Share this post & I'll send you some rewards for the referrals.

February 2005 - California, United States.

3 early employees from PayPal wanted to build a platform to share videos.

They co-founded YouTube in their garage.

Yet they had limited financial resources. So they funded YouTube through credit card debt and infrastructure borrowing. The financial limitations forced them to create innovative scalability techniques.

In the next year, they hit 100 million video views a day. And they did this with only 9 engineers.

YouTube Scalability

Here are the 11 YouTube scalability techniques:

1. Flywheel Effect

They took a scientific approach to scalability: collect and analyze system data.

Scalability loop; YouTube scalability — Scalability Loop

Their workflow was a constant loop: identify and fix bottlenecks.

This approach avoided the need for high-end hardware and reduced hardware costs.

2. Tech Stack

They kept their tech stack simple and used proven technologies.

YouTube tech stack; YouTube Scalability — YouTube Tech Stack

MySQL stored metadata: video titles, tags, descriptions, and user data. Because it was easy to fix issues in MySQL.

Lighttpd web server served video.

Suse Linux as the operating system. They used Linux tools to inspect the system behavior: strace, ssh, rsync, vmstat, and tcpdump.

Python ran on the application server. Because it offered many reusable libraries and they didn’t want to reinvent the wheel. In other words, Python allowed rapid and flexible development. Python was never a bottleneck based on their measurements.

Yet they used Python-to-C compiler and C-language extensions to run CPU-intensive tasks.

3. Keep It Simple

They considered software architecture to be the root of scalability. They didn’t follow buzzwords to scale. But kept the architecture simple - making code reviews easier. And it allowed them to rearchitect fast to meet changing needs. For example, they pivoted from a dating site to a video-sharing site.

They kept the network path simple. Because network appliances have scalability limitations.

Hardware costs; YouTube Scalability — Hardware Costs

Also they used commodity hardware. It allowed them to reduce power consumption and maintenance fees - and keep the costs low.
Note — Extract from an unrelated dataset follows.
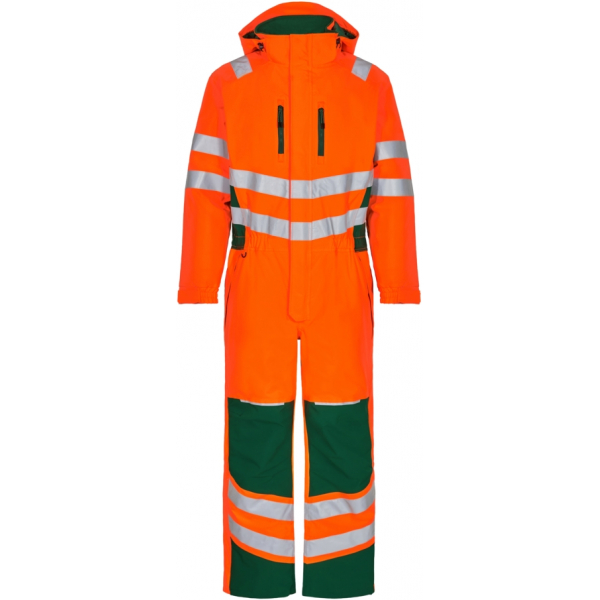 Зимний рабочий комбинезон Engel Safety 4946-930, оранжевый/зеленый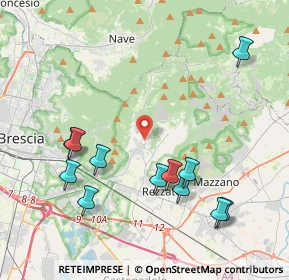 Mappa Via M. Scarpari, 25082 Botticino BS, Italia (4.49333)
Besides they kept the scale-aware code opaque to application development.

4. Choose Your Battles

They outsourced their problems. Because they wanted to focus on important things. They didn’t have the time or resources to build their infrastructure to serve popular videos. So they put the popular videos on a third-party CDN. The benefits:

Low latency due to fewer network hops from the user
High performance because it served videos from memory
High availability because of automatic replication

They served less popular videos from a colocated data center. And used the software RAID to improve the performance through multi-disk access parallelism. Also tweaked their servers to prevent cache thrashing.

They kept their infrastructure in a colocated data center for 2 reasons. To tweak servers with ease to meet their needs and to negotiate their contracts.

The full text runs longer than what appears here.